The results of the analysis showed that statistically there was no significant relationship between the history of DV and stunting in the respondent group (p > 0.05). However, practically the incidence of DV reduces women's health and well-being. Various study results obtained on a wide scale show that the impact of DV on women varies, from non-fatal to fatal impacts. The World Health Organization (WHO) has shown that violence experienced by women is not only a major health problem and has a direct impact because it causes injury and death. In addition, the impact of violent or arbitrary acts can contribute to the overall burden of disease as a risk factor for several other serious health problems. To date, violence by partners or husbands has consistently been reported to have a negative impact on women's health globally (6, 7, 14, 15, 32, 43, 53).

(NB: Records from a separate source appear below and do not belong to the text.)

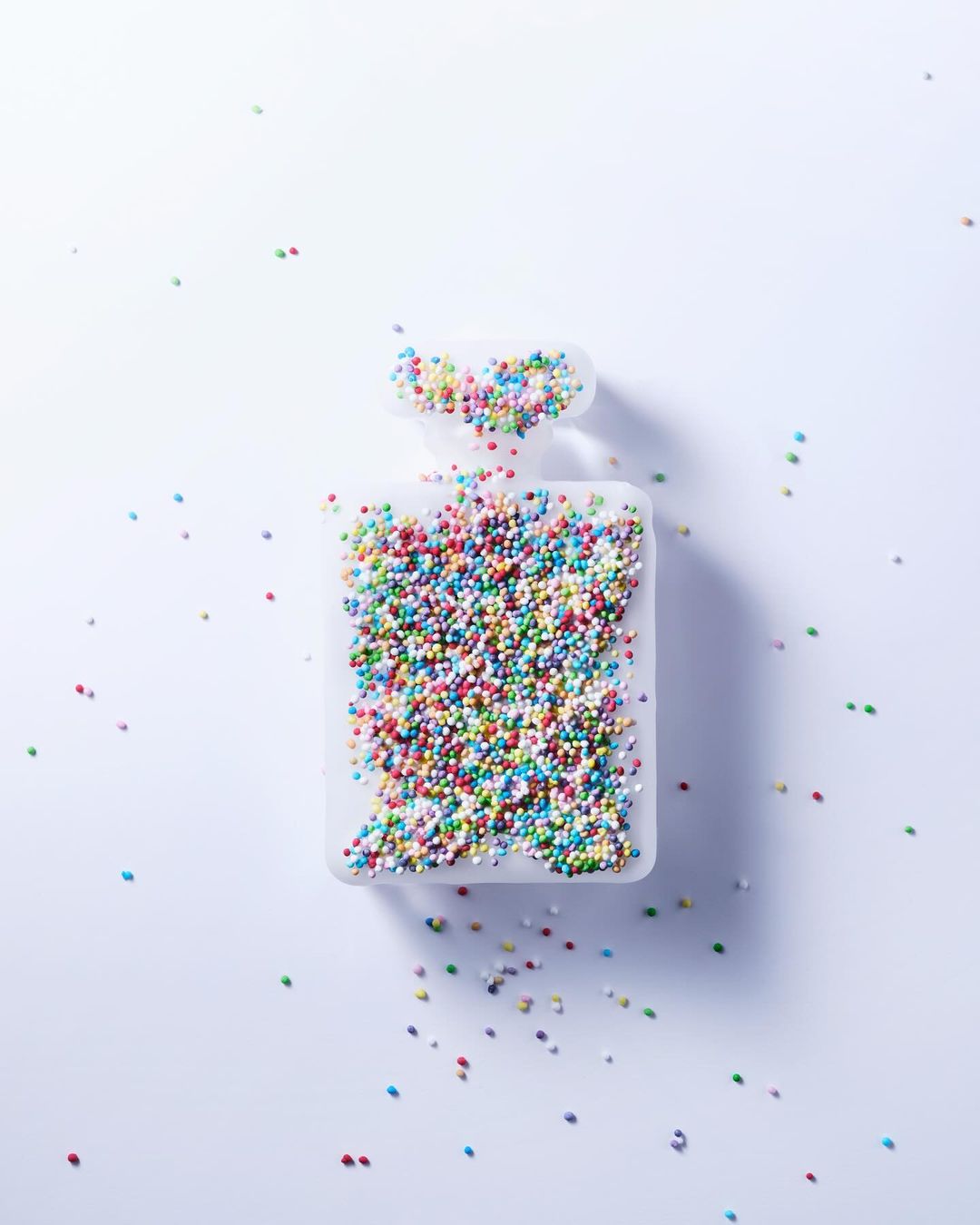 Overhead shot of a clear perfume bottle silhouette filled with multicolored sprinkles on a bright white background, minimalist concept.
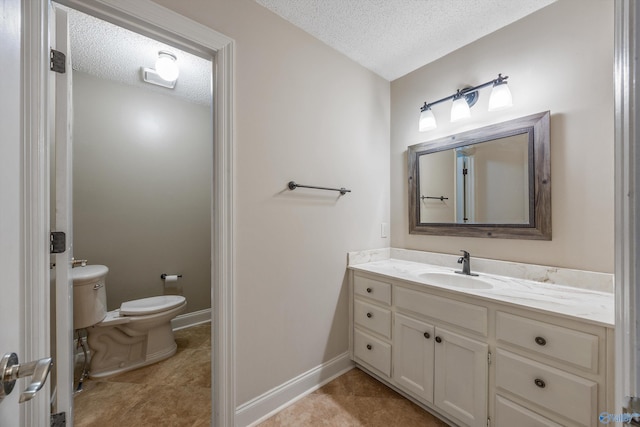 bathroom featuring baseboards, a textured ceiling, toilet, and vanity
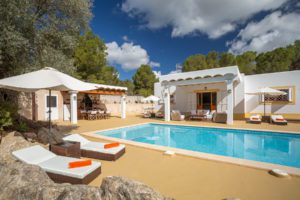 Piscina en villa de Ibiza con tumbonas y dos porches en día soleado 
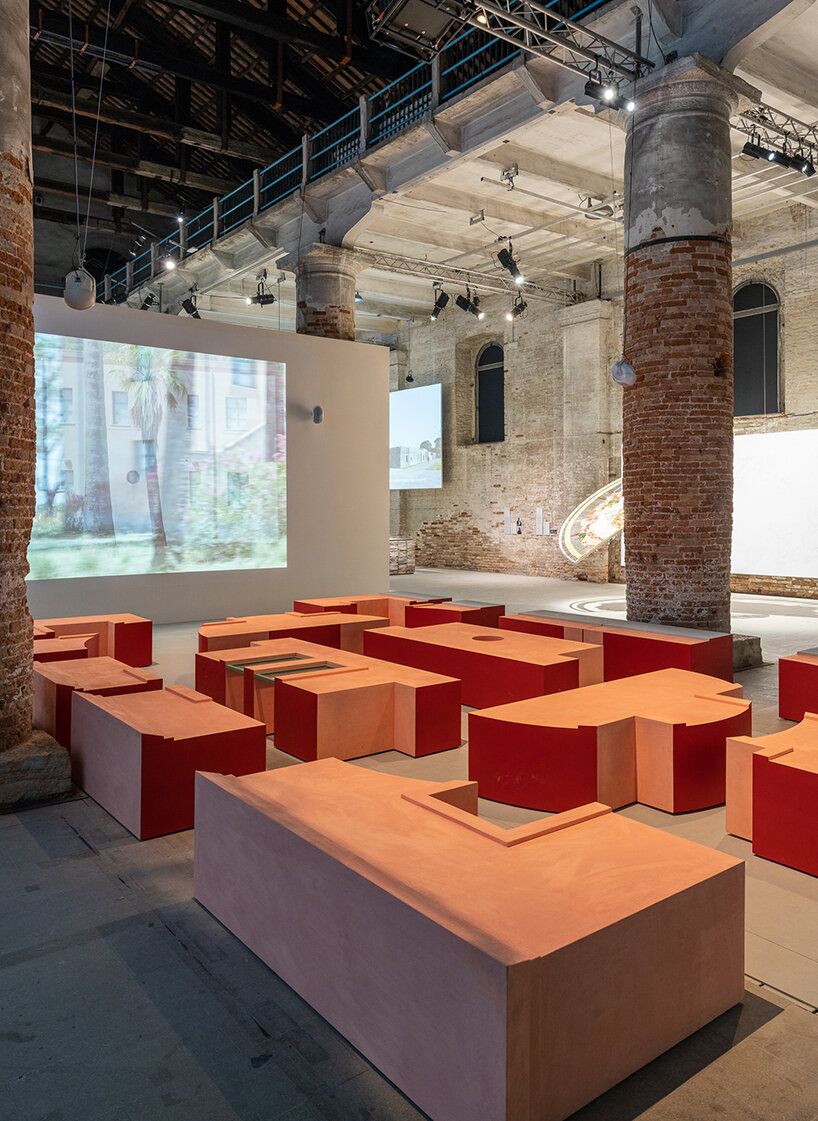 Terracotta-hued deconstructed façade modules of Borgo Rizza installed at the Corderie, Venice Arsenale, 2023.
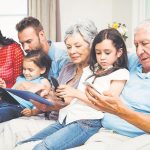 Family using electronic devices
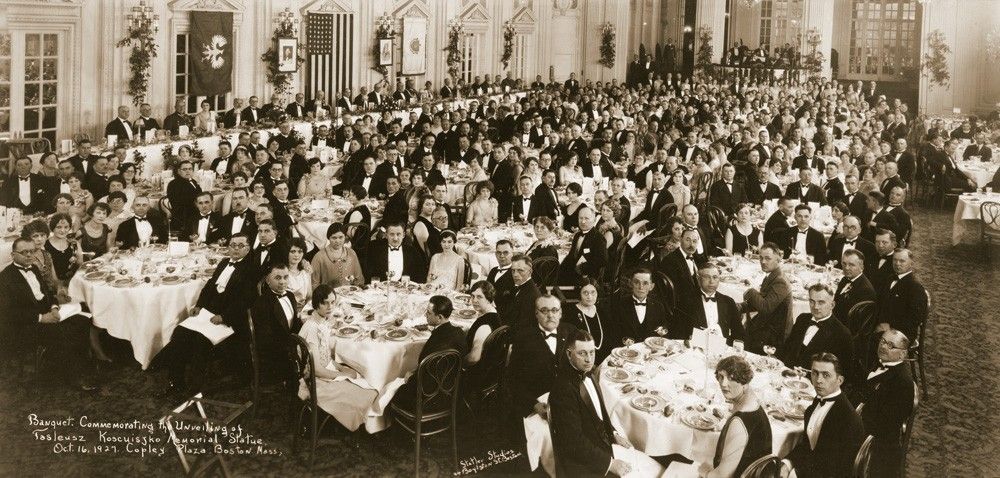 a large group of people sitting at tables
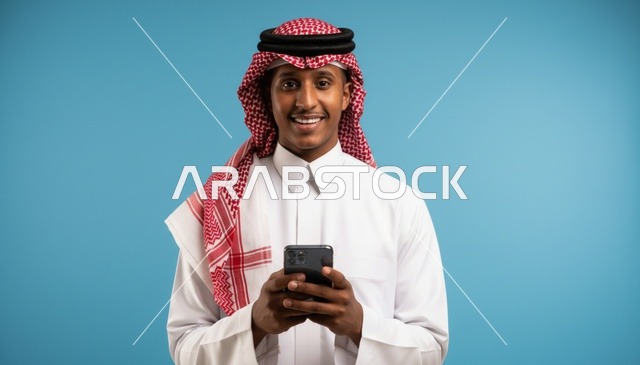 رجل سعودي يحمل هاتفاً ذكياً على خلفية زرقاء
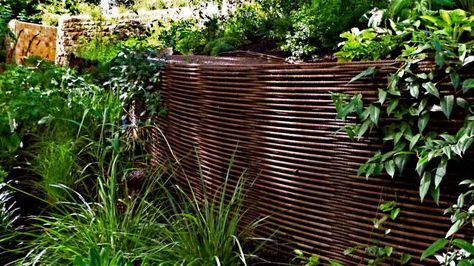 Rebar edging, Garden in Inverleith, Edinburgh by Water Gems Rebar Fence, Retaining Wall Fence, Water Gems, Fencing Companies, Aluminum Fence, Iron Fence, Fence Gate, Fence Design, Environmental Graphics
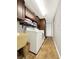 Laundry room with washer, dryer, and extra storage at 102 Via Duomo, New Smyrna Beach, FL 32169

Violence perpetrated by intimate partners against women is still common in low- and middle-income countries and is very detrimental to women and the development of the girls affected. Policy and program efforts are needed to reduce the prevalence and impact of this violence (55–57). According to the results obtained, almost all of the respondents involved in this research had very low incomes or below the Regional Minimum Wage. Low socioeconomic status is a risk factor for stunting, as well as low parental education, geographical conditions and poor obstetric history such as hypertension, bleeding and a history of fetal growth disorders in the womb (24, 36, 55, 58, 59).

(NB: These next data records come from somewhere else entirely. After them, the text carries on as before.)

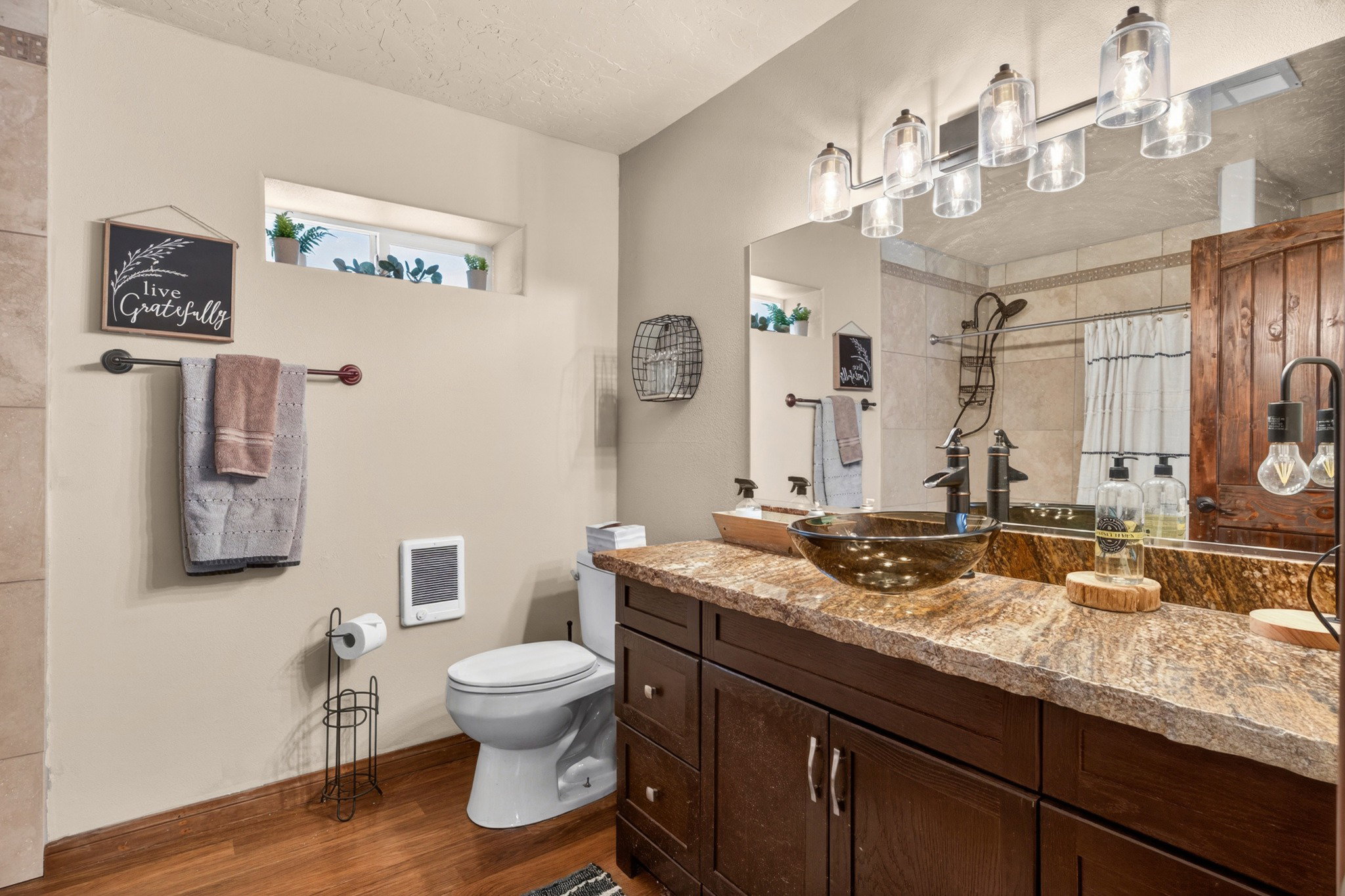 Bathroom featuring a dark wood-finish vanity with a vessel sink, a stone-finish countertop, and a large mirror
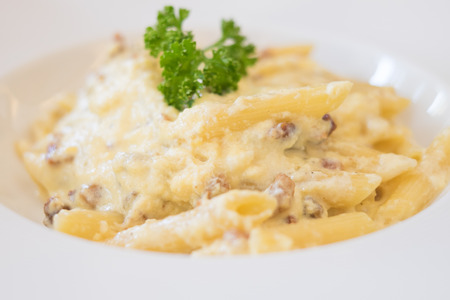 Penne carbonara closeup on top of a tableの写真素材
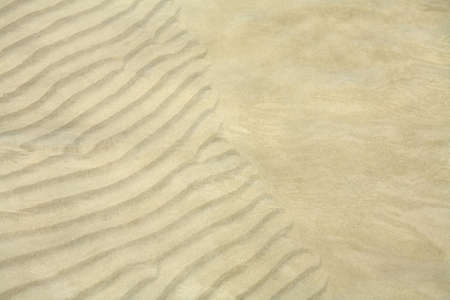 texture of the sand in the water 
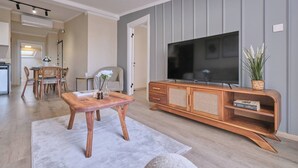 A living room with a wooden TV stand, a flat-screen TV, and a dining area with a wicker chair and table. - Refined 2BR with Terrace and Bosphorus View (Kadıköy)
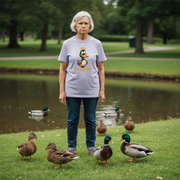 Woman standing in a park with ducks around her, wearing a t-shirt with a cartoon duck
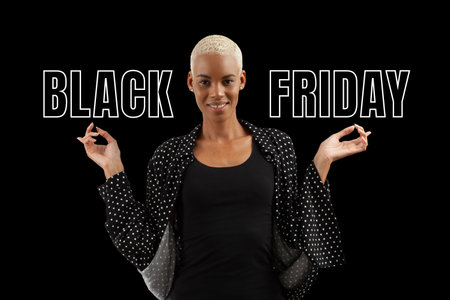 Black Friday shopping. Smiling African woman pointing at a text written isolated on black background. Banner commercial sign. Store and mall advertising Billboard guiding shoppersの写真素材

Various study results show that women with low autonomy more often become victims of arbitrary actions or abuse from their partners or husbands and closest family. On the contrary, if a woman has high or strong autonomy in the household, she can control her life and health care. In agreement with this, studies from India, Nigeria and other countries have consistently obtained results that women who are victims of physical, sexual violence and various other types of violence increase the likelihood of malnutrition in the form of stunting and underweight in children under five (22, 24, 49–51). Women who are victims of IPV and DV experience physical and psychological trauma which affects their ability to care for their children, including providing them with nutrition (49, 51, 60).
Recommendations
Continuous efforts are needed from various related sectors to improve maternal and child health, especially reducing the incidence of stunting in children under five. Policies and strategies by providing nutrition-specific interventions, such as counseling regarding feeding, care, and hygiene for infants and young children (34). Approaches from various sectors include: 1) the social protection sector or health financing guarantee; 2) agricultural sector; 3) education; 4) equitable development and reducing poverty; 5) women's empowerment; and 6) health sector.
Women who are independent have the ability to manage themselves and their families as a protective factor related to stunting. On the other hand, the lower the level of education, income and ability to manage the household are risk factors for becoming a victim of DV and the risk of having stunted children. The influence of patriarchal culture that is still attached to Balinese men is slowly being reduced through improving women's self-quality. Subordination with the shield of obedience, loyalty can be transformed into empowering oneself economically as well as ability, mindset and courage.